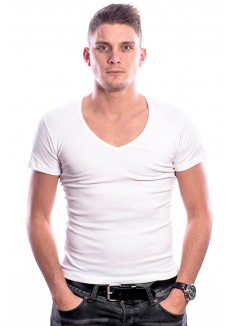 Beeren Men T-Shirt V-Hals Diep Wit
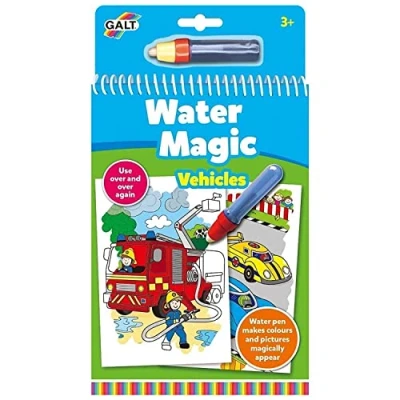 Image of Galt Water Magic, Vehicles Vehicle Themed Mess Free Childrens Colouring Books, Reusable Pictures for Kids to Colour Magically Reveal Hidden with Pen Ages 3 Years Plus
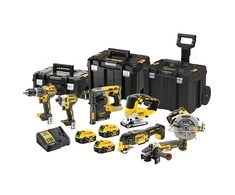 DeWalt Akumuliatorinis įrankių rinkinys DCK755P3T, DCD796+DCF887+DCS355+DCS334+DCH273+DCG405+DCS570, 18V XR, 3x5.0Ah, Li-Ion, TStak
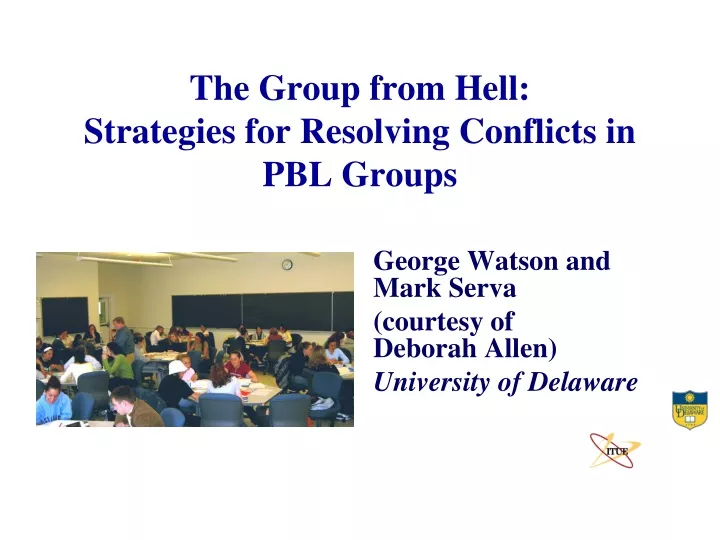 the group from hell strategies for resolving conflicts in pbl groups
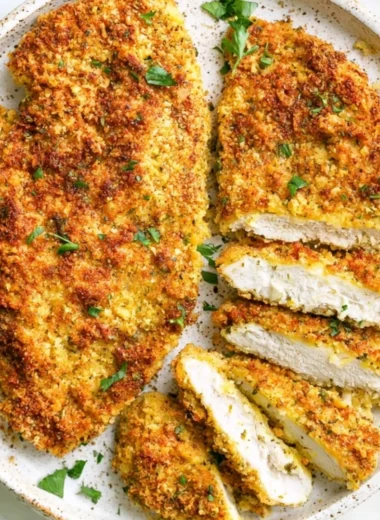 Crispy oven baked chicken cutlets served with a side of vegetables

══════════════════════════════

■ WORK REQUIRED
Every line of the listing must be reproduced exactly, though the pictures are to be left out.

■ SOLUTION TO THE PROBLEM
 Beeren Men T-Shirt V-Hals Diep Wit
 Image of Galt Water Magic, Vehicles Vehicle Themed Mess Free Childrens Colouring Books, Reusable Pictures for Kids to Colour Magically Reveal Hidden with Pen Ages 3 Years Plus
 DeWalt Akumuliatorinis įrankių rinkinys DCK755P3T, DCD796+DCF887+DCS355+DCS334+DCH273+DCG405+DCS570, 18V XR, 3x5.0Ah, Li-Ion, TStak
 the group from hell strategies for resolving conflicts in pbl groups
 Crispy oven baked chicken cutlets served with a side of vegetables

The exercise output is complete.